Mockus rejects support of parapolitician Rocio Arias

Green Party presidential candidate Antanas Mockus rejected on Tuesday the support for his campaign by disgraced ex-Senator Rocio Arias, one of Colombia’s most infamous “parapoliticians,” who was convicted of ties to paramilitary groups.

Speaking to W Radio, Mockus responded to the question of “What do you think of the support that was expressed by former Senator Rocio Arias towards your campaign,” by answering, “Thank you, but no! I do not want the support of the ex-Senator, because of what she represents and has done. We have checked all of our records and we have nothing on file of her giving any financial support to our campaign, nor from her daughter.”

Earlier on Tuesday, the ex-Senator, who was released from prison in October of 2009 after serving 27 months for making pacts with paramilitary death squads, offered her support for Mockus in his bid for the presidency.

“I believe that the conditions are right for him to be an excellent president.
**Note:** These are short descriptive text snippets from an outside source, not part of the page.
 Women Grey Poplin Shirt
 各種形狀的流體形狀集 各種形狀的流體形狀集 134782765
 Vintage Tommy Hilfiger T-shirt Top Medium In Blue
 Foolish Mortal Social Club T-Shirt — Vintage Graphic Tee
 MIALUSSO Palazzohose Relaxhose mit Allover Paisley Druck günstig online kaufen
He is a transparent, clean, sincere, honest and capable man, and those are sufficient reasons to support him,” Arias said in an interview with El Espectador.

Arias, clarifying that her support is completely “voluntary” and that she has no official relations with the Green Party campaign, went on to explain that to her, Colombia is at a point in its development in which it needs a change, and a “breath of fresh air.”
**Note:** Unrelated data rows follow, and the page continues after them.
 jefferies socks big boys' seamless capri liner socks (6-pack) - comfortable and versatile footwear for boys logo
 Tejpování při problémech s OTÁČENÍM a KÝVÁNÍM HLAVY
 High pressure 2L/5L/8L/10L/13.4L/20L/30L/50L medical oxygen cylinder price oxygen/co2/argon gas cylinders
“Colombia needs a transformation,” Arias went on, explaining that the current “head of state [Uribe] and that form of government has completed its cycle and I am not one to judge if that was good or not, but it is clear that it is necessary to give the country a breath of fresh air… The people are asking for new blood to enter into politics, and he embodies the interests of many Colombians, Mockus meets the conditions necessary to bring the country forward.”

Following her release from prison in October, Arias criticized the Uribe administration, calling the Justice and Peace process set up by the Uribe government to demobilize paramilitary fighters a “failure.” She said she regretted having yielded to the authorities and accepted the charges against her.

Arias also said that she would not vote for the re-election of President Alvaro Uribe because she no longer considers him a friend, and that she felt “abandoned” by him during the two years she spent in jail.